How it works: The climate control system transfers the engine’s heat to the vehicle’s interior. This engine heat is absorbed by coolant—a blend of water and antifreeze—which is carried by heater hoses to the radiator. Then the water pump forces coolant through the engine and heating system. From there it travels to a heater core located in the dashboard and a fan swirls warm air into the cabin.

Keeping such a complex system functioning takes a trained specialist who is trained to deal with modern day climate control systems. Like any other system, climate control is subject to wear and tear. Belts and hoses are made of rubber. Over time, they crack. They can even dry-rot like tires do.

Everything starts with visual inspection. Service techs look for leaks and check the condition of the belts and hoses.

The heating and cooling systems routinely feed off one another, so problems with one may affect the other. Low coolant levels reduce the heater’s ability to warm the interior. Leaks in the heater core, hoses, radiator or cooling system will lead to a lack of coolant and create problems in the system.

Check with your owner’s manual for suggested service intervals to care for the heating system’s components.

  • Know the warning signs. Stains on the passenger side of the dashboard could be the sign of a coolant leak. (Antifreeze runs through the heater core, which usually sits behind or under your dashboard, often on the passenger side.)

  • Check your cabin air filter. The filter captures hair, dust and particulates in the air before it reaches your nostrils. Check your owner’s manual or ask your service advisor how often your cabin air filter should be changed.

  • Hidden problems could be the culprit. A vacuum leak, core failure or stuck thermostat can also cause problems with the heater.

  • Check for the condition for the coolant itself. A 50/50 mix of antifreeze and water is ideal.

  • Simple solutions often exist.
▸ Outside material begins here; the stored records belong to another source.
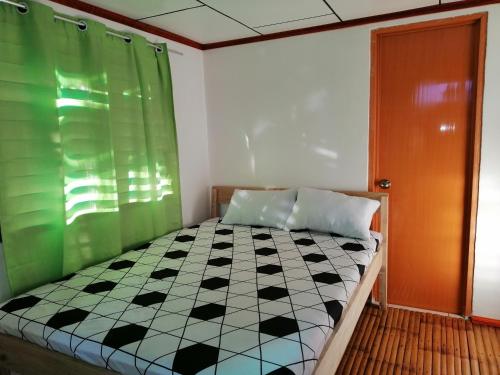 een slaapkamer met een bed en een zwart-wit geruite vloer bij BFF Backpacker's Inn in San Vicente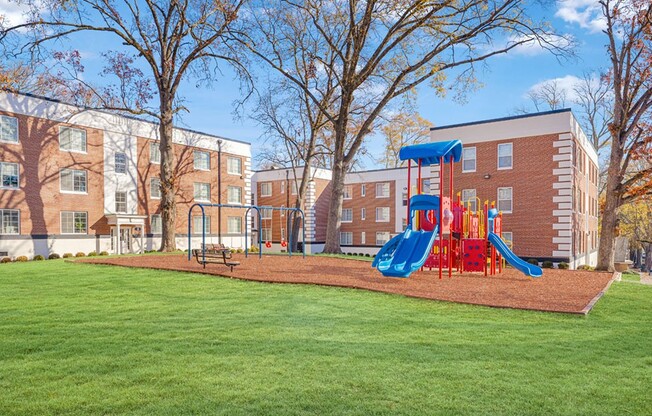 Step into a vibrant community at Icon Downtown Durham, featuring a fantastic playground surrounded by lush green space. Perfect for outdoor fun and relaxation. Explore the endless possibilities for living at Icon—schedule your tour today!
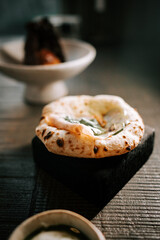 Freshly baked naan garnished with herbs served on a rustic wooden table in a cozy restaurant setting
Look for clogs in vents that may impede airflow.

Cabin filters & Your Air Conditioning System

Cabin filters became widely used in the late 1990s as a way to reduce allergens.
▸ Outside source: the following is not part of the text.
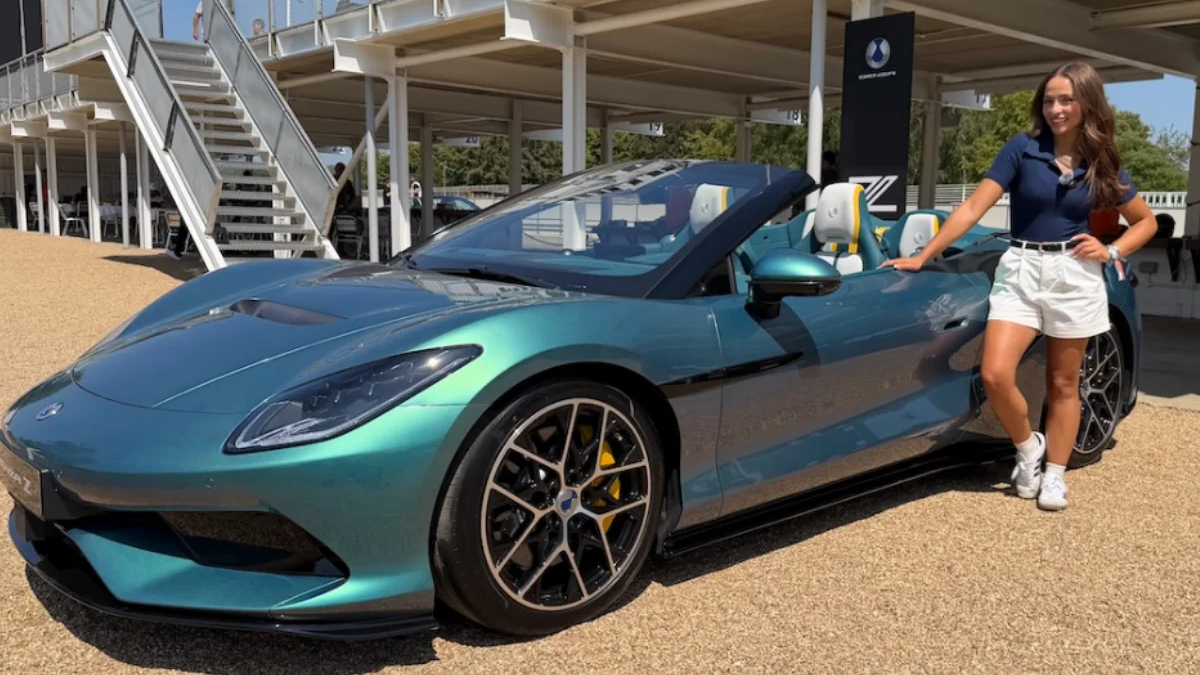 Teal convertible sports car on display with a woman in white shorts posing beside it outdoors.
Today, more than half of all new vehicles utilize cabin air filters for their air conditioning and climate control systems.
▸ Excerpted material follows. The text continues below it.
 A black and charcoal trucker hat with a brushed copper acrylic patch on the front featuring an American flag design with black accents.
Cabin air filters keep the interior of your vehicle clean by removing dust, dirt and pollen. Since it is installed inside the vehicle air conditioning ducts, the cabin air filter operates whenever you use your vehicle’s heater, air conditioner or vent.

Quality Car Care recommends replacing the filter every 15,000 to 25,000 miles (check your owners manual for manufacturer’s suggestions. Typically, that means changing the cabin air filter once a year for most drivers.

There are exceptions, however. Do you drive in the mountains? Along dusty roads? Are you prone to allergies? Smokey, dust or pollen-filed air quickly can cause your cabin air filter to get clogged quickly.  

That could mean changing out the cabin air filter two times or more per year, depending on your driving conditions.

Replacing dirty cabin air filters is not just a comfort issue. Just as a clogged furnace filter in your home reduces the furnace's efficiency, a clogged cabin air filter reduces the efficiency of the heating and cooling system for the car interior.

A clogged filter can also cause a drop in gas mileage as the climate control system works harder to pull air through vents. Additional strain shortens life of the air conditioning motor.

Also, dirty filters increase window haze since particles are not being trapped in the waffle structure. Haze increases glare and dramatically reduces visibility, especially in early fall and winter when the sun is low in the sky.

Cabin air filter replacement vary in price, size and location. Quality Car Care Centers stock a wide variety of cabin air filters on site and usually includes installation at no additional cost for most vehicles.

Installation typically takes about ten to 15 minutes. For some vehicles, installation requires remove removal of glove box, dash console and other components--a process that may take up to an hour.

Once the cabin air filter is installed, you now can breathe easy.

Your air conditioner and climate control system will operate efficiently. And your family will benefit from driving in a clean, allergy free environment.